The Scarlet Lily Beetle, alias red lily or lily leaf beetle, is a European native that hitched a ride to Canada on lily bulbs in the mid 1940s. Over the decades it’s settled westward to as far as Alberta.
Feasting on all species of lilies and fritillarias, (although not daylilies), lily beetles are quickly chewing their way into Canadian gardening infamy. They’re virtuosos at decimating lily collections that have been amassed over decades in record time, devouring leaves, stems, flowers, and all.
Lily beetles spend the winter quite comfortably cuddled into your perennial bed soil. After waking up in the spring it doesn’t take long to start reproducing, with females laying up to 450 eggs a season in batches of a dozen. The yellowish orange eggs hide under lily leaves, usually tucked against the midrib.
The larva are voracious and spend a few weeks chomping lilies while covered in a pile of their own excrement (if it’s to camouflage as bird droppings, it’s very convincing). Once they’ve eaten their fill of your prize collection they drop to the ground and pupate in a cocoon of dirt and saliva. Enchanting creatures.
How to Spot It
Vigilant gardeners (as most lily-lovers are) will first notice brown, sticky frass clumping on the leaves’ undersides.

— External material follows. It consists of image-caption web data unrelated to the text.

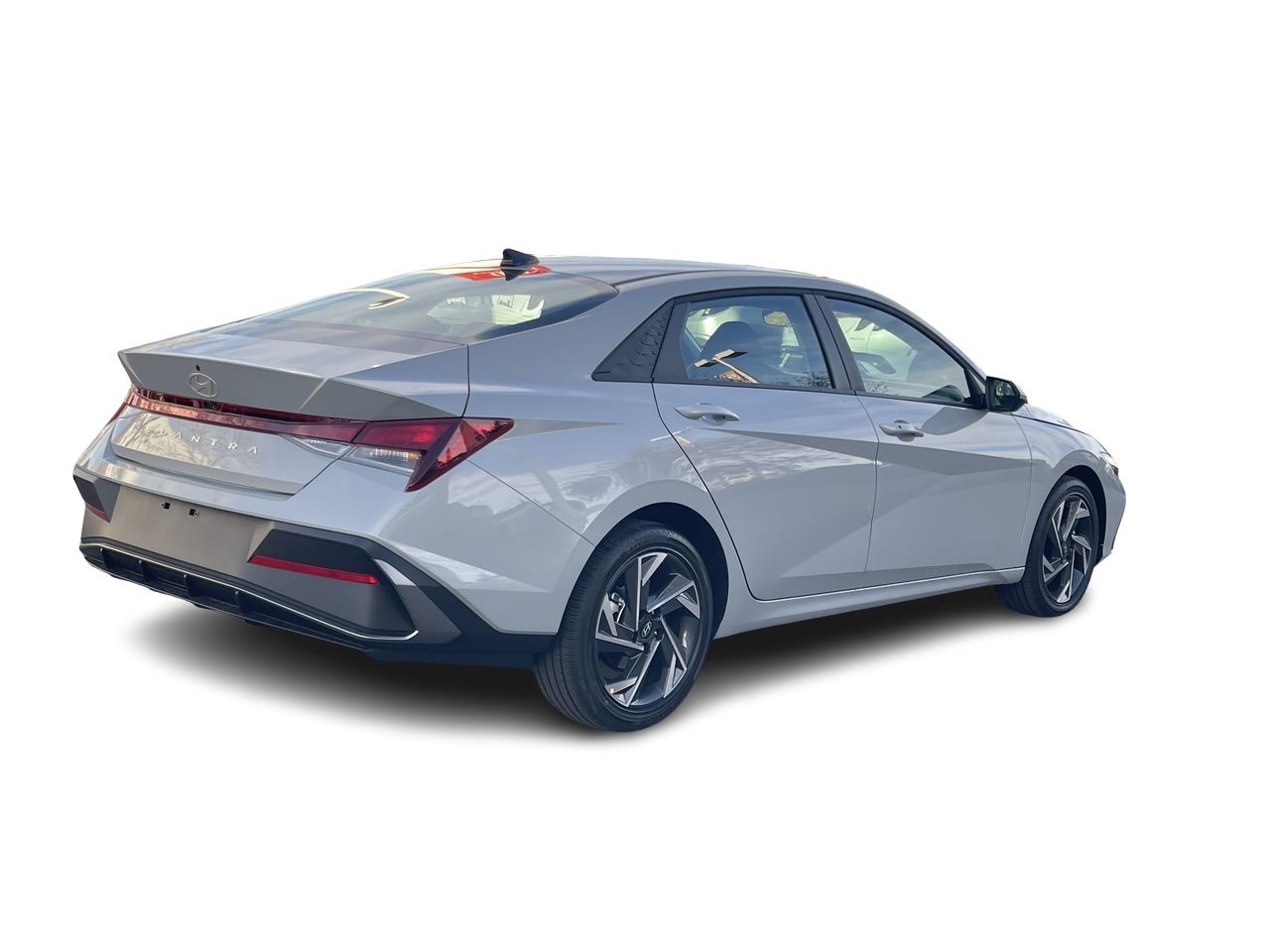 2026 Hyundai Elantra in Regina, Saskatchewan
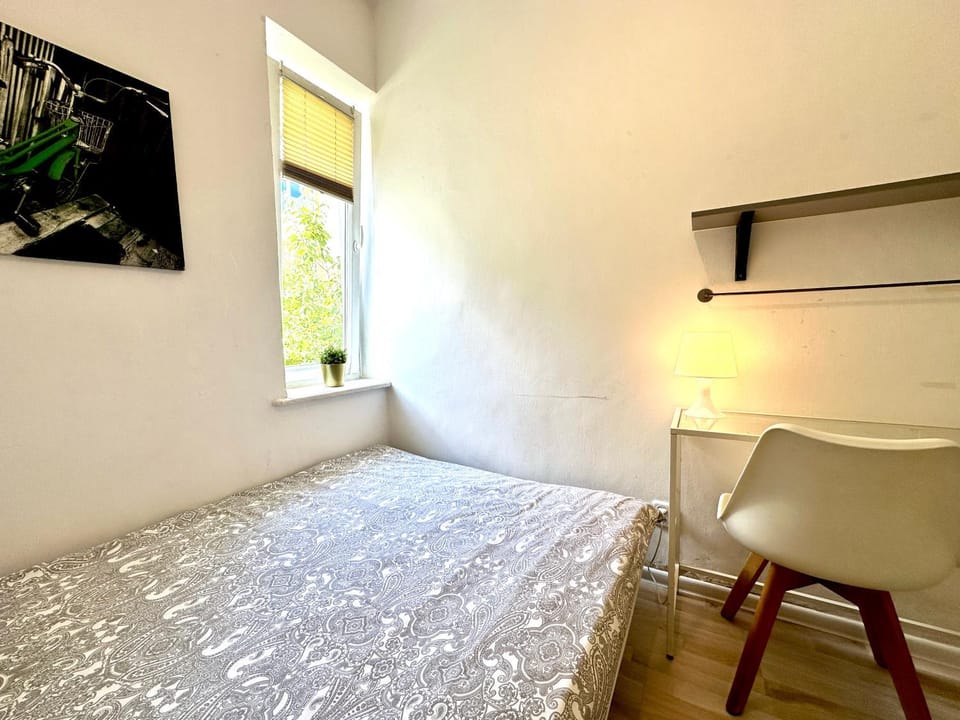 NW Pokoje na parterze CENTRUM & PARKING Vacation rental in Sopot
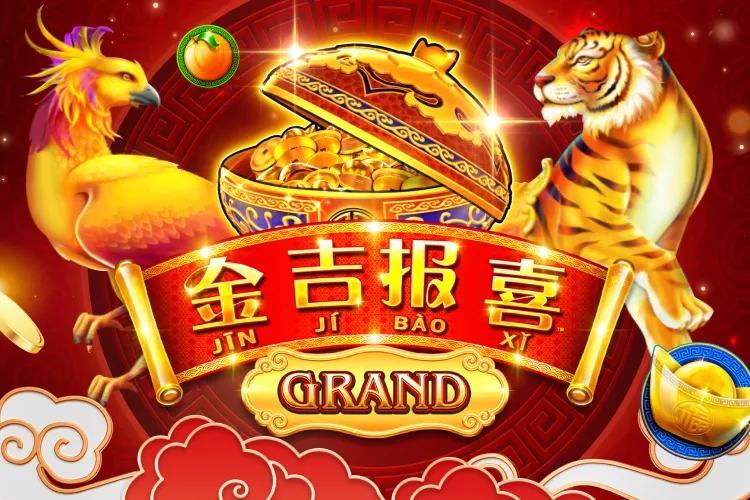 JJBX Grand JJBX Grand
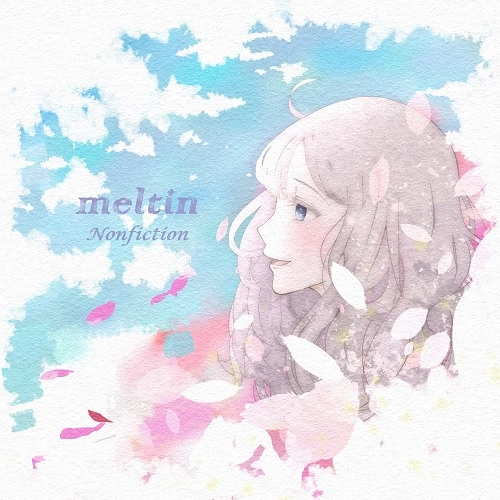 meltin / Non Fiction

Those same leaves will have the daylight chewed out of them shortly after.
The beetles themselves are an unmistakable bright red with black undersides; they’re shaped like a futuristic plant-eating robot. They can be confused with spotless ladybugs, but are more narrow and just plain mean looking than the beneficial insects.
How to Fight
While there are plenty of parasitic wasps in Europe to feed on them, lily beetles have no natural enemies in North America so our species is the only one who can stop them. As such they spread rapidly and will move quickly from ornamental plants to wild lilies, where they can do massive damage.
Before you plant your spring lily bulbs, inspect them for anything suspicious. This is their favourite mode of getting into your yard.
The most effective control is also the most laborious; inspect your lilies regularly and pick them off manually. If you can’t stomach crushing them, drop them in a bucket of soapy water. Sprinkling diatomaceous earth on them will dry them up but you’ll need to hit the leaves’ undersides.
If you’re persistent (to the tune of the every 5-7 days), Neem oil will kill young larvae. Potent chemicals like Malathion will work, but please think twice as lilies are favourite haunts for bees and strong chemicals could be fatal.
Be forewarned that, when threatened, lily beetles will often play dead. As you close in with your pincers, except it drop to the ground, put its legs in the air and wait for you to go away. Squish it anyway. They will also emit a high pitched squeak as you get close, which can be fairly unnerving.